The Gingin facility is a joint facility of the Australian Consortium for Gravitational Astronomy and the LIGO Scientific Collaboration. The main focus of research is on developing control systems for very high power suspended optics in which thermal effects and radiation pressure effects must be carefully controlled. When the Australian detector is developed into a full scale observatory it will contribute a large improvement to the angular resolution of the world wide network, and enable signals to be identified with distant host galaxies - roughly a 16 fold increase in the number of potential host galaxies.

He also plays an important role in the activities of the Gravity Discovery Centre, the associated award winning public education centre on the AIGO site.
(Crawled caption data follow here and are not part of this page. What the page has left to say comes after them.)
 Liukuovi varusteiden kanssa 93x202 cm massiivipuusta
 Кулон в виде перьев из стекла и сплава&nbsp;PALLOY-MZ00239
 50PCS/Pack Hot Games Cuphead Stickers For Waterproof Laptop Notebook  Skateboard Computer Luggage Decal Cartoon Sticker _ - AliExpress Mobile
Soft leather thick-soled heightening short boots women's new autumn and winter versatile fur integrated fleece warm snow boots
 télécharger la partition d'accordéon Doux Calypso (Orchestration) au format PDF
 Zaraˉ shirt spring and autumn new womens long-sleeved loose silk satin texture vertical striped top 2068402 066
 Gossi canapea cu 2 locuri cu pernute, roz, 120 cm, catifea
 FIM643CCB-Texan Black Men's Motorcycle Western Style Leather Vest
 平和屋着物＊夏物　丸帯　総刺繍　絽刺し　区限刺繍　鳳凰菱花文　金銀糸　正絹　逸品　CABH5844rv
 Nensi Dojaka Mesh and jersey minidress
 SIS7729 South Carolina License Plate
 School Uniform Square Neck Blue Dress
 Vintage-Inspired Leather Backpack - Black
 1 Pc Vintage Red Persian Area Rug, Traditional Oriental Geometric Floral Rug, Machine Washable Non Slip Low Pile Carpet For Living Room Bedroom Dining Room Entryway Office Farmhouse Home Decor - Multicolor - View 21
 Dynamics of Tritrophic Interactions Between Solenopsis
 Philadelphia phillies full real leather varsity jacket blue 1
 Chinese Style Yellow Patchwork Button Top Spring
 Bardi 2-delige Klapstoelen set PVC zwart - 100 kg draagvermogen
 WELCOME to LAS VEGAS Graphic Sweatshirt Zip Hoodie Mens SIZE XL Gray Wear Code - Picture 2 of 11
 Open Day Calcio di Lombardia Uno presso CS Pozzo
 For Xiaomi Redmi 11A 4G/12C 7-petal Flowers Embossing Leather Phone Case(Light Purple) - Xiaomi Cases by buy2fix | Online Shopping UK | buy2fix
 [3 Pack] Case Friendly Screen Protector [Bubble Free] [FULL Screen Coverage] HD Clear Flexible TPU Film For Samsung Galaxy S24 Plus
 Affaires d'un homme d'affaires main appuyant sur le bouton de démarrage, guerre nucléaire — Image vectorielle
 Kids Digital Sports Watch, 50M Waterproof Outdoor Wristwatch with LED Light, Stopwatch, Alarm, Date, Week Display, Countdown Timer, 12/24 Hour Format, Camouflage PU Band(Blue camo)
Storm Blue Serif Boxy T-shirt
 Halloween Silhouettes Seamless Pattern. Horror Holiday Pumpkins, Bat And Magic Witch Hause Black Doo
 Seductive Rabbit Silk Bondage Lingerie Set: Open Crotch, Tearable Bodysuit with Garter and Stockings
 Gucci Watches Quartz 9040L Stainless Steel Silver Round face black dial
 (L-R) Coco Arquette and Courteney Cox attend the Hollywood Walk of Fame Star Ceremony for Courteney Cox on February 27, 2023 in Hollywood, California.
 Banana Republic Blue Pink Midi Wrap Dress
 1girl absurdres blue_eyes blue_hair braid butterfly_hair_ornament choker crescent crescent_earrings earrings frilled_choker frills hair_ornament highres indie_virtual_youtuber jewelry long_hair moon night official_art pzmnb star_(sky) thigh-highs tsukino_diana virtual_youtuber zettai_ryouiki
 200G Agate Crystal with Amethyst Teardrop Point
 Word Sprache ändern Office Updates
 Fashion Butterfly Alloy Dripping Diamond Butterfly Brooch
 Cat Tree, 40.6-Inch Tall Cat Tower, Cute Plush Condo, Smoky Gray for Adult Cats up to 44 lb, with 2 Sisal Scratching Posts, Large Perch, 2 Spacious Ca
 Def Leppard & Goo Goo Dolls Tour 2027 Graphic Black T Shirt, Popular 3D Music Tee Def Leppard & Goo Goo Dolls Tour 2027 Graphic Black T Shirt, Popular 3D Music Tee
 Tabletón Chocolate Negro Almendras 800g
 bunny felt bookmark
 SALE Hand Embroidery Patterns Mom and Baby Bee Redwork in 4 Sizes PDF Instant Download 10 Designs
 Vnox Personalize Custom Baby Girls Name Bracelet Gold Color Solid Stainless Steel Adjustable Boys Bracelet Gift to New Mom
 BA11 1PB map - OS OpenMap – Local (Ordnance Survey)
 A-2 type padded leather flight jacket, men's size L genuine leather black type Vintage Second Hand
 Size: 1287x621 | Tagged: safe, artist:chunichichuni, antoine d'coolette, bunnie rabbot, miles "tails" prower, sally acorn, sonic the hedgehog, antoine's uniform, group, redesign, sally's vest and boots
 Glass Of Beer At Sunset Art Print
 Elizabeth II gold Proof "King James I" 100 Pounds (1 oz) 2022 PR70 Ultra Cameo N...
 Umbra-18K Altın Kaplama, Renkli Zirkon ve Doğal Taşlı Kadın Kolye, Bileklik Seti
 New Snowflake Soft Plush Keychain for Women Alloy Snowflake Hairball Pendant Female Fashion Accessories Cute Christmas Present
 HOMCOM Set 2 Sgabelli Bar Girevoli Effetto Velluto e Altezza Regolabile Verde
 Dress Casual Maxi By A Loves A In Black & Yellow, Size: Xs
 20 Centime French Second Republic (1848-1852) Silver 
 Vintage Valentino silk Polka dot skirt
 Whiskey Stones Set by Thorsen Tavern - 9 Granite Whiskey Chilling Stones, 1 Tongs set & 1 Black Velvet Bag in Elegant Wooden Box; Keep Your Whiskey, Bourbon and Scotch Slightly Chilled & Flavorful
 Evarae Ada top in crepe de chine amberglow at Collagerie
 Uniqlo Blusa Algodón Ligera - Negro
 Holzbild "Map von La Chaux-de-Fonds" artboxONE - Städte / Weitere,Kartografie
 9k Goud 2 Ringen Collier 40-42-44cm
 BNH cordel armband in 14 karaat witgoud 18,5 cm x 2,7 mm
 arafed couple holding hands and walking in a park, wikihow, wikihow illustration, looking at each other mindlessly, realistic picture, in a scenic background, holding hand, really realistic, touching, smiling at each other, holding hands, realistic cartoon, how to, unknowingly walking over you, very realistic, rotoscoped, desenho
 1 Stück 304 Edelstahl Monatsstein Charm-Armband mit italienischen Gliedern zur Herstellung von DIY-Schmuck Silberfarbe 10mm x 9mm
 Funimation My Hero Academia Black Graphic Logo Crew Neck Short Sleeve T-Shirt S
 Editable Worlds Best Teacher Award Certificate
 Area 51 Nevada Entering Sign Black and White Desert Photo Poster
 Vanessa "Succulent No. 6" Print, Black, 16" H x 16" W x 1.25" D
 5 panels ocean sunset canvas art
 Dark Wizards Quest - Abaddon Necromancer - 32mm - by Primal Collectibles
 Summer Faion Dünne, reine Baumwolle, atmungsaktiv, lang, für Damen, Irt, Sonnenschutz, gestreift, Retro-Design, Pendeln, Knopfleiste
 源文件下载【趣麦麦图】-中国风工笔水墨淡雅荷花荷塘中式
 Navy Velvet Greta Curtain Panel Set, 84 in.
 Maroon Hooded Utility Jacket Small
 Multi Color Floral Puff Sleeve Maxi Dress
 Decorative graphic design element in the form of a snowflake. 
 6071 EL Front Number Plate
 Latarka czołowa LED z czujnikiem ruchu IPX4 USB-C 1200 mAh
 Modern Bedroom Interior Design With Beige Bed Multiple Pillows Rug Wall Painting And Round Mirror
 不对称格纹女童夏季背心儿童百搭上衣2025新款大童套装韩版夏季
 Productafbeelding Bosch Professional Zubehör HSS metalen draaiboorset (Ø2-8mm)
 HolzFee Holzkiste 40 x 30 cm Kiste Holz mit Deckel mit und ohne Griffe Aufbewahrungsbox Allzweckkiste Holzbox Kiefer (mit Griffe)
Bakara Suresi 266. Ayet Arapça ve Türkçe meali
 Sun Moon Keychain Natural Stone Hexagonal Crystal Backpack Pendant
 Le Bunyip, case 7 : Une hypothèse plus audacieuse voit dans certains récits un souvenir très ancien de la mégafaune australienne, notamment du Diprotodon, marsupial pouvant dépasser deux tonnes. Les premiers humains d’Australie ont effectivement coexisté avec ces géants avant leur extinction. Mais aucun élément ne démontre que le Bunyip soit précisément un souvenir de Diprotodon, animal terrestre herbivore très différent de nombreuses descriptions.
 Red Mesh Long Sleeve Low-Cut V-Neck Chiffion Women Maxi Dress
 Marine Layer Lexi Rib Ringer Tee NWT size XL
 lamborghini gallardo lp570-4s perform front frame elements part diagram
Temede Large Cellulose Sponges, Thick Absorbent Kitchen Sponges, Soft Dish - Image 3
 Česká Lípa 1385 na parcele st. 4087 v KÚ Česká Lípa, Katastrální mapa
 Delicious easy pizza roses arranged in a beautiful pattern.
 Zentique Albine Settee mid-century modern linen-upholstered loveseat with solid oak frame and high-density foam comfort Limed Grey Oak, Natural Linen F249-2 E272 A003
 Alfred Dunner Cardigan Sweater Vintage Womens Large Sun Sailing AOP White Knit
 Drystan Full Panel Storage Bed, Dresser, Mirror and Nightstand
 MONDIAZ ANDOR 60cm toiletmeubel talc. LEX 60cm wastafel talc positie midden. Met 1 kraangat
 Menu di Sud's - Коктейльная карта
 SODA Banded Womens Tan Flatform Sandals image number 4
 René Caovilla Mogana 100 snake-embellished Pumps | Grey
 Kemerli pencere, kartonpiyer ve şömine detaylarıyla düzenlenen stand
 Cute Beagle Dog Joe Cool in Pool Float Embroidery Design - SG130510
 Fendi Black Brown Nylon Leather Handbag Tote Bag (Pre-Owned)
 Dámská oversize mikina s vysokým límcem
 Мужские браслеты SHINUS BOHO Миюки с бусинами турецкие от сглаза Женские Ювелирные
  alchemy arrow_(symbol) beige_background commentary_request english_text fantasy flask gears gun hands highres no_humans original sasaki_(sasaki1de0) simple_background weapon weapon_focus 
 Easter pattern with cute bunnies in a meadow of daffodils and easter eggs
It's an inspirational self supporting, non-profit public education and tourism centre that focusses on the big questions of Life and the Universe, and the extraordinary biodiversity of Wallingup Plain.
- 2Physics.com Team ]

"1.First detection of a single event to prove the viability of gravitational wave detection and the existence of detectable waves.

2. Demonstration of high optical power interferometry to pave the way for advanced detectors.

3. Operation of advanced detectors and the detection of frequent GW signals.

4.Operation of detectors with sensitivity better than the standard quantum limit.

5. Detection of cosmological gravitational waves from the big bang and tests of the theory of inflation. "

Relevant Links:     AIGRC     Gravity Discovery Centre     LIGO Science Colloaboration

Interferometric Detection of Gravitational Waves : 5 Needed Breakthroughs -- Jean-Yves Vinet

[We are continuing our feature on '5-Breakthroughs' -- this time with inputs from Prof. Jean-Yves Vinet ....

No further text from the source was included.